The very name of Golgotha is creepy. In Aramaic, it means “skull,” or the place of the skull. It was a skull-shaped hill just outside the walls of Jerusalem. Even its Latin name, Calvary, means “skull.” It was, it seems, an obvious place for criminals to be put to death. And it was, of course, the place where Christ was put to death. The place where the criminals executed the innocent man.

Traditionally, the image of the skull has been the emblem of the memento mori, the reminder of death. It is seen in Christian art and is found as an allegorical figure in Christian literature. For Christians, the skull, as a memento mori, is meant to remind us of the Four Last Things: Death, Judgment, Hell, and Heaven. It is appropriate, therefore, that we should keep our eyes on Golgotha. 

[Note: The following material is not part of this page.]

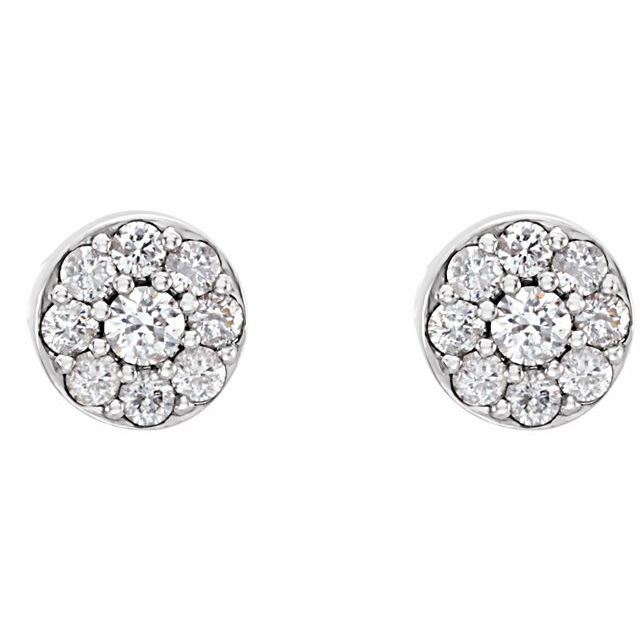 14K White Gold 2.7 Mm Round Friction Back Polished 3/8 Ctw Lab-Grown Diamond Earrings With Backs
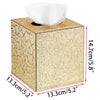 Sumnacon PU Square Tissue Box Cover with Magnetic Bottom, Waterproof, Gold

But we should do more than keep our eyes on Golgotha. We should see ourselves on the skull-shaped hill itself. We were there when they nailed Christ to the cross. All of us were there. As He was nailed to the cross, it was our sins that hammered the nails into His flesh. This was why Mel Gibson chose to hold the nail that was hammered into Christ’s hand in the film he produced, The Passion of the Christ. It was an act of penance.

There is, however, another way that we are on Golgotha during the season of Lent and during all the seasons of the year. We are there as fellow sufferers with Christ, not as innocent victims but as culprits. We are not merely those who crucify Christ. We are also those who are crucified. All of us suffer. Suffering is unavoidable. We suffer for our own sins and we suffer from the sins of others. We all have our own crosses to carry and we are all sometimes nailed to them.

The question is not whether we will suffer. Of course we will. The question is what we will do with the suffering when it comes. Will we be like the bad and impenitent thief, who is crucified on Christ’s left? Will we blame everyone else for our sins except ourselves? Will we blame our neighbours or our enemies? Will we blame God?

Or will we be like the good and penitent thief, who is crucified on Christ’s right? Will we acknowledge our own sinfulness? Will we acknowledge that our sins have hurt our neighbors and our enemies? Will we blame ourselves and ask God to forgive us our trespasses and deliver us from evil?

When we spend time in the place of the skull, reminding ourselves of the death that awaits us, how will we judge ourselves? Will we judge ourselves self-righteously, condemning ourselves to the hell we have made for ourselves? Or will we judge ourselves as needing merciful forgiveness, gaining from Christ the place with Him in paradise that he promised to the good thief?